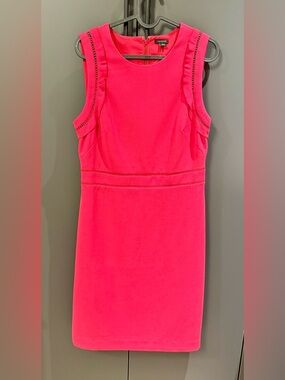 Ann Taylor Hot Pink Sleeveless Sheath Dress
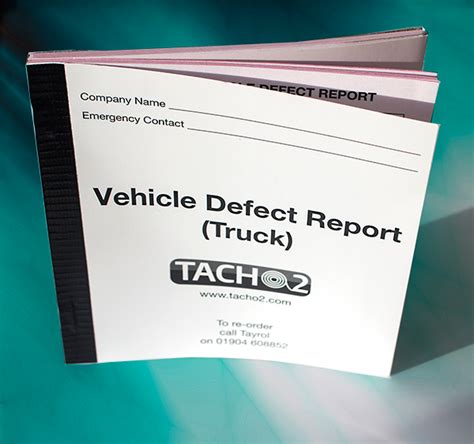 30 Page Duplicate Truck Defect Book Tachograph Supplies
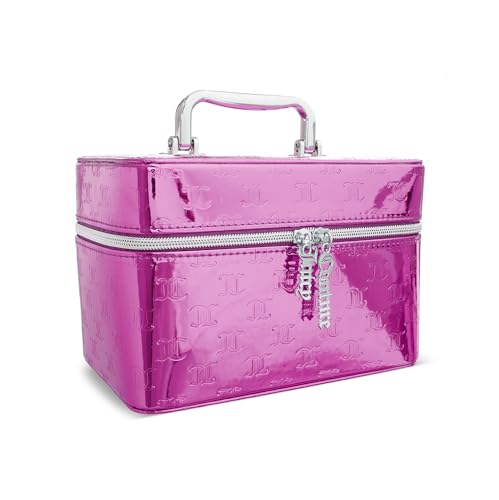 Juicy Couture Hot Pink Makeup Bag Cosmetics Organizer Travel Essentials Train Case Shiny Logo2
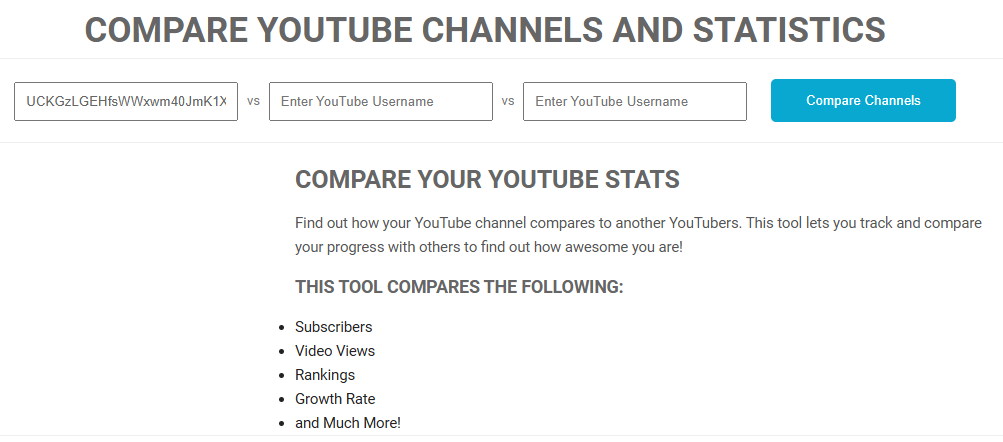 Compare YouTube Channels and Statistics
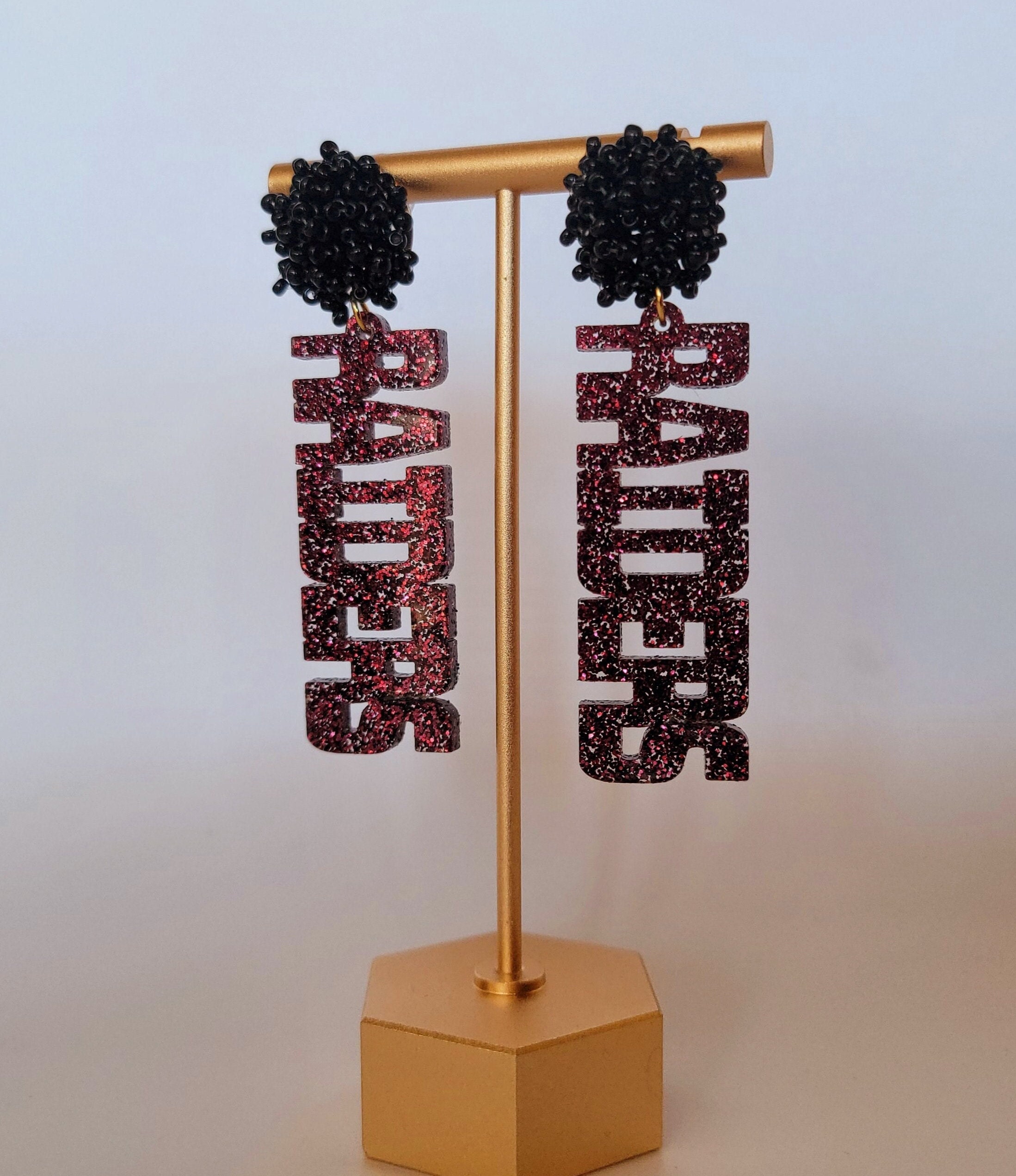 Personalized Custom Game Day Earrings 3/4 inch bead topper-High School-College-Football-Team Name-Spirit Wear Gear-Birthday Gift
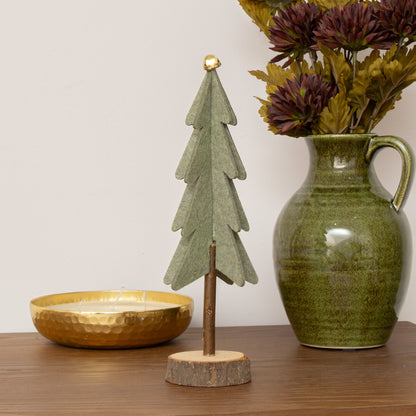 Green Felt Standing Tree Decoration - 25cm
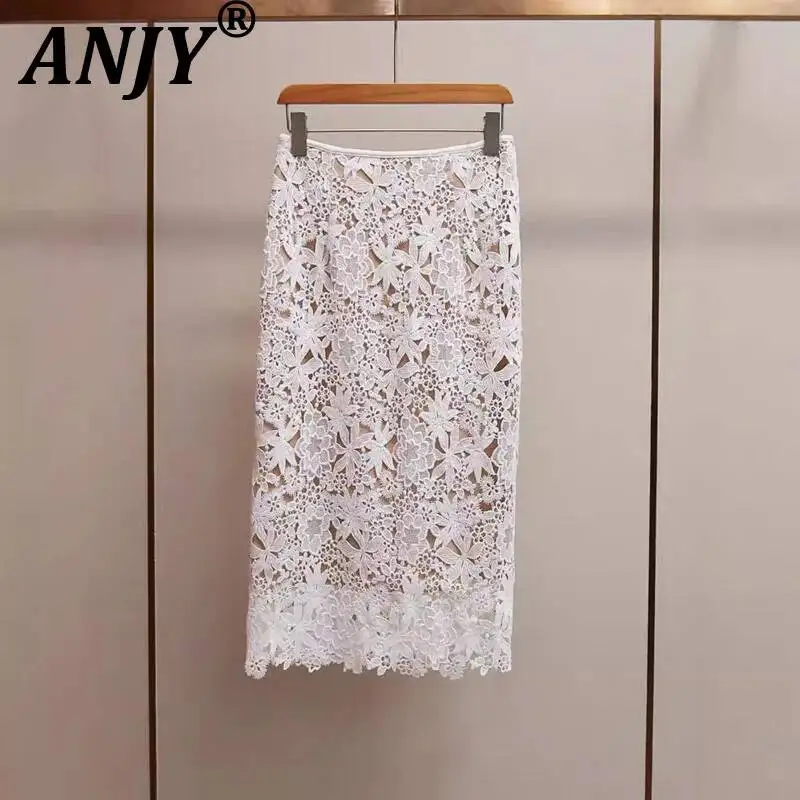 ANJY Spring Summer New Women Fashion French Style High-End Heavy Lace Hollow Out Bodycon Skirt Elegant Trend Sweet Skirts A22041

● ● ● ●

◆ **The task**
Pictures are not part of the copy; output everything else in the records exactly.

◆ **Answer area**
 Ann Taylor Hot Pink Sleeveless Sheath Dress
 30 Page Duplicate Truck Defect Book Tachograph Supplies
 Juicy Couture Hot Pink Makeup Bag Cosmetics Organizer Travel Essentials Train Case Shiny Logo2
 Compare YouTube Channels and Statistics
 Personalized Custom Game Day Earrings 3/4 inch bead topper-High School-College-Football-Team Name-Spirit Wear Gear-Birthday Gift
 Green Felt Standing Tree Decoration - 25cm
 ANJY Spring Summer New Women Fashion French Style High-End Heavy Lace Hollow Out Bodycon Skirt Elegant Trend Sweet Skirts A22041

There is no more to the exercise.